こんにちは。いよいよ8月も終盤に入りましたが、相変わらずの残暑厳しい毎日が続いています。昨日の京都の気温はなんと37度!引き続き暑さが続くそうなので熱中症対策は怠らずにいきましょう。
まだまだ黎明期のドローン技術
本日はドローンでの劣化調査の事例と調査点検への活用の課題という話題。
建設現場などでもドローンの技術活用がよく取り上げられていますが、まだまだ黎明期の段階。
実際には法整備などの問題、技術の進歩はまだこれから、という状況でもありまだまだ業界全体への技術浸透度としては決して高いとは言えません。それでも新たな技術として期待のされているドローンを使った調査点検技術。その可能性と調査点検で見えた課題を、旬刊新聞ARSの記事を参考にご紹介します。

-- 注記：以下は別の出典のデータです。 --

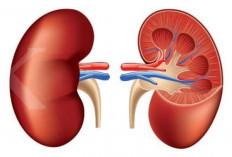 10 Ciri-Ciri Gagal Ginjal Stadium Awal yang Harus Diketahui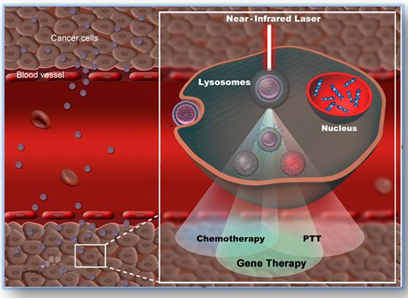 图2 光热疗法治疗肿瘤细胞（图片来自网络）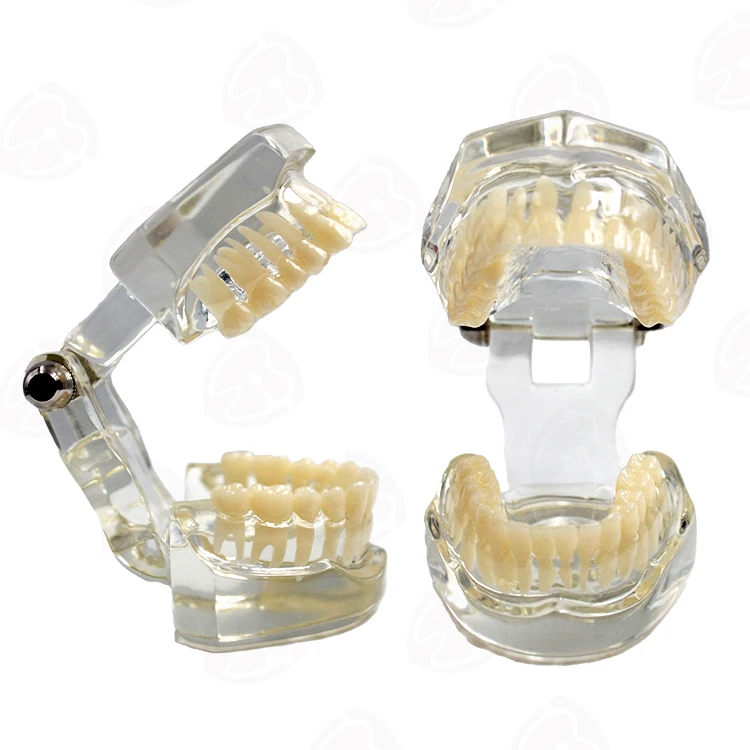 Medical science transparent dental teaching tooth model with nerves for medicine pathological tooth model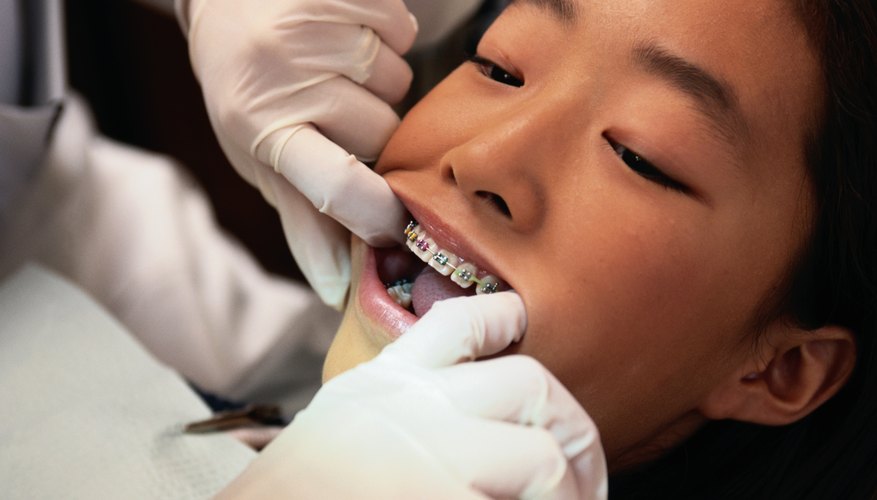 Close-up of woman having her braces checked.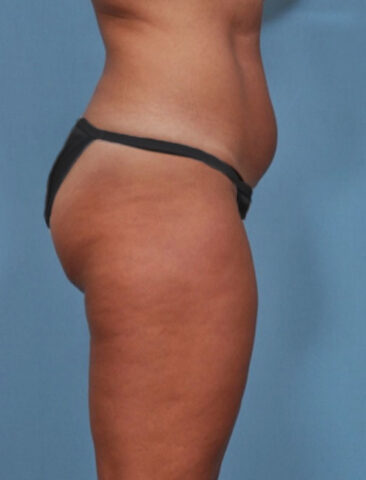 Case # 1 before photo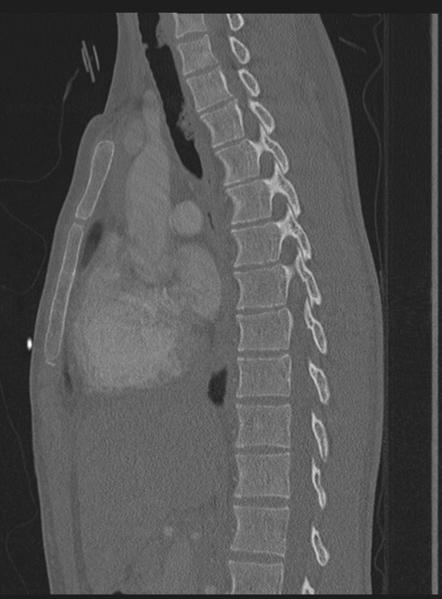File:Abdominal multi-trauma - devascularised kidney and liver, spleen and pancreatic lacerations (Radiopaedia 34984-36486 Sagittal bone window 38).png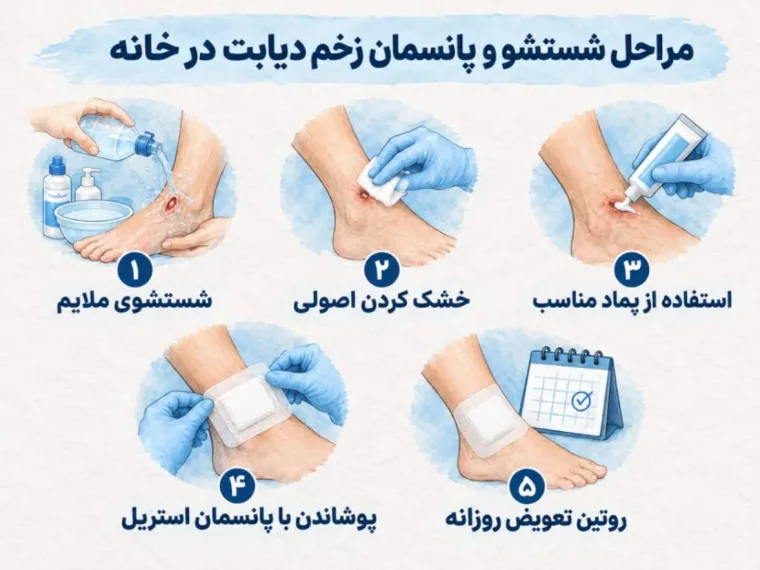 مراحل شستشو و پانسمان زخم دیابت در خانه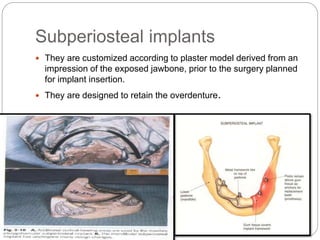Subperiosteal implants
 They are customized according to plaster model derived from an
impression of the exposed jawbone, prior to the surgery planned
for implant insertion.
 They are designed to retain the overdenture.
 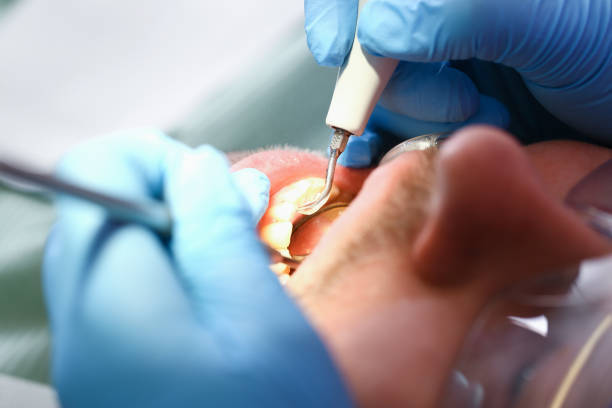 Best Emergency Root Canal Treatment in Earlysville, VA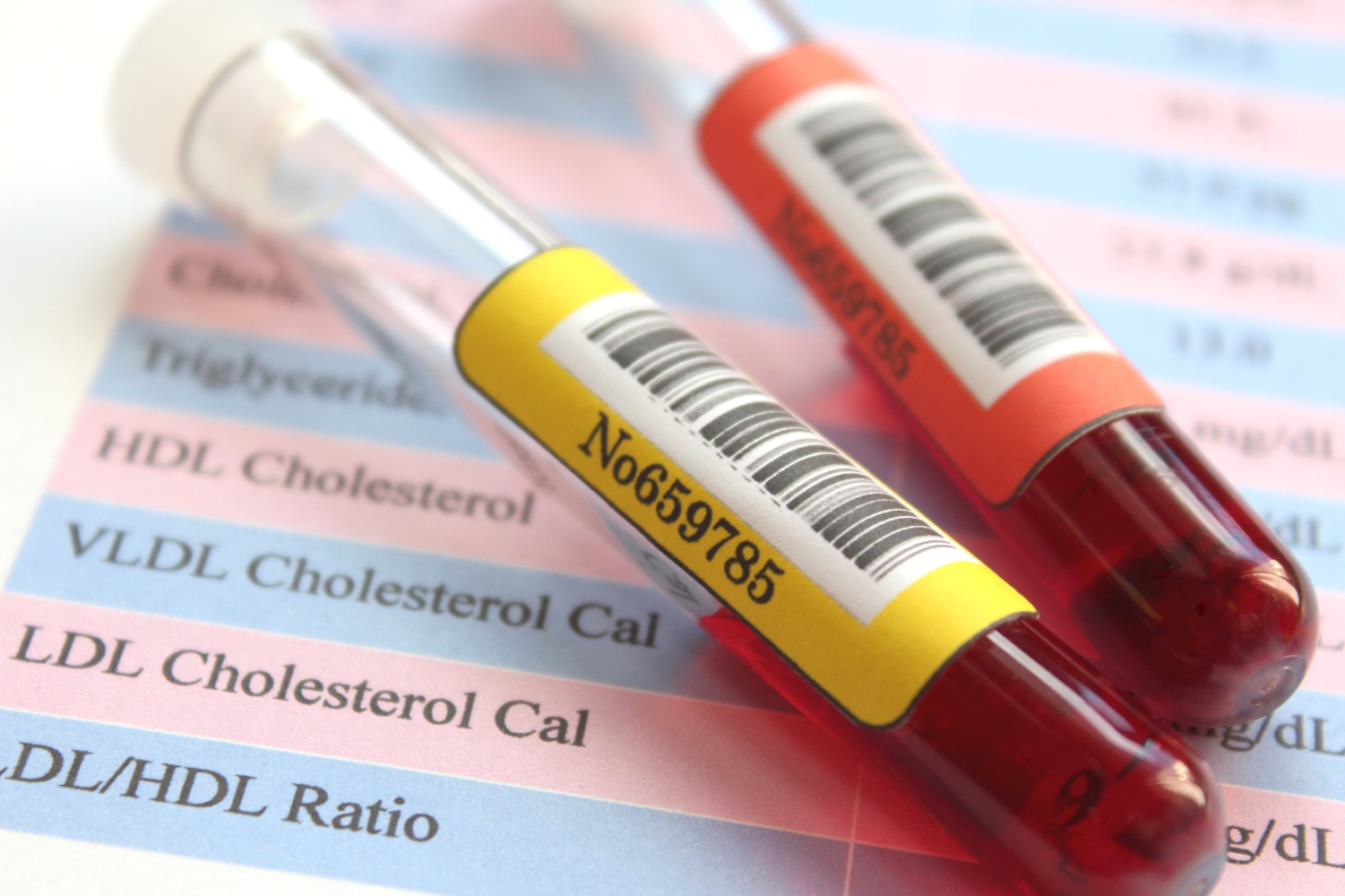 testes de colesterol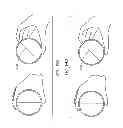 Fig. 84 - Delegating processing from wearable electronic device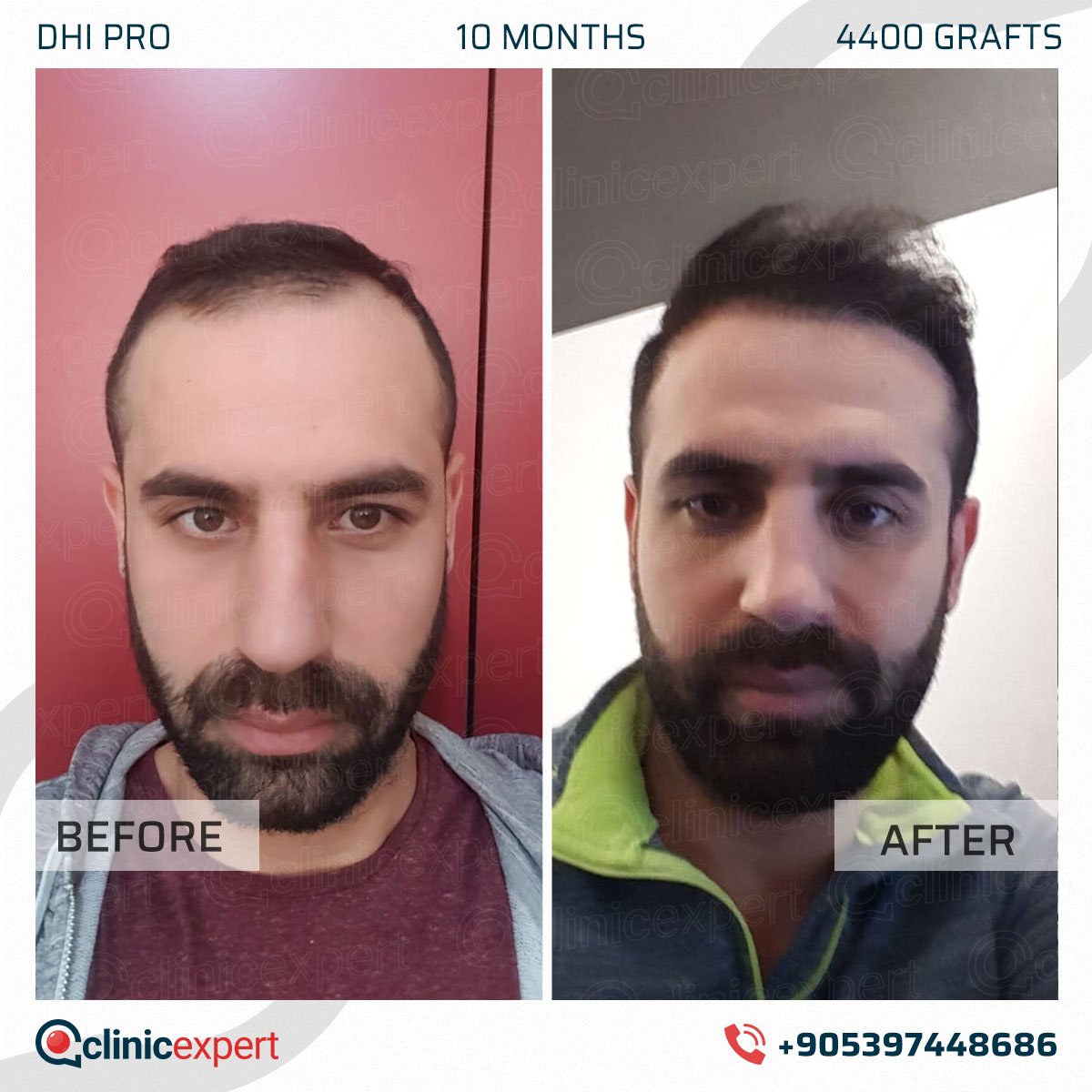 Hair Transplant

今回事例としてドローンの調査をおこなったのは、通称軍艦島の端島。軍艦島の3号棟、16号棟、30号棟、65号棟の調査をおこなったそうです。
出典:旬刊新聞ARS
撮影をおこなった中で屋根に関しては、煙突や滑り台などの遊戯場所、屋根間の仕切り等の形状が複雑なため、屋根全体の部位の構成や劣化分布を把握するのは困難だったようです。
しかしながらドローンでの撮影により、通常では撮影すら困難な場所を撮影・記録できる部分や、それを元にパソコン上で劣化を追跡・確認できることで、どの箇所を補修すれば良いのか全体像を把握できるという、通常では解決の難しい課題を解決することができたという成果がありました。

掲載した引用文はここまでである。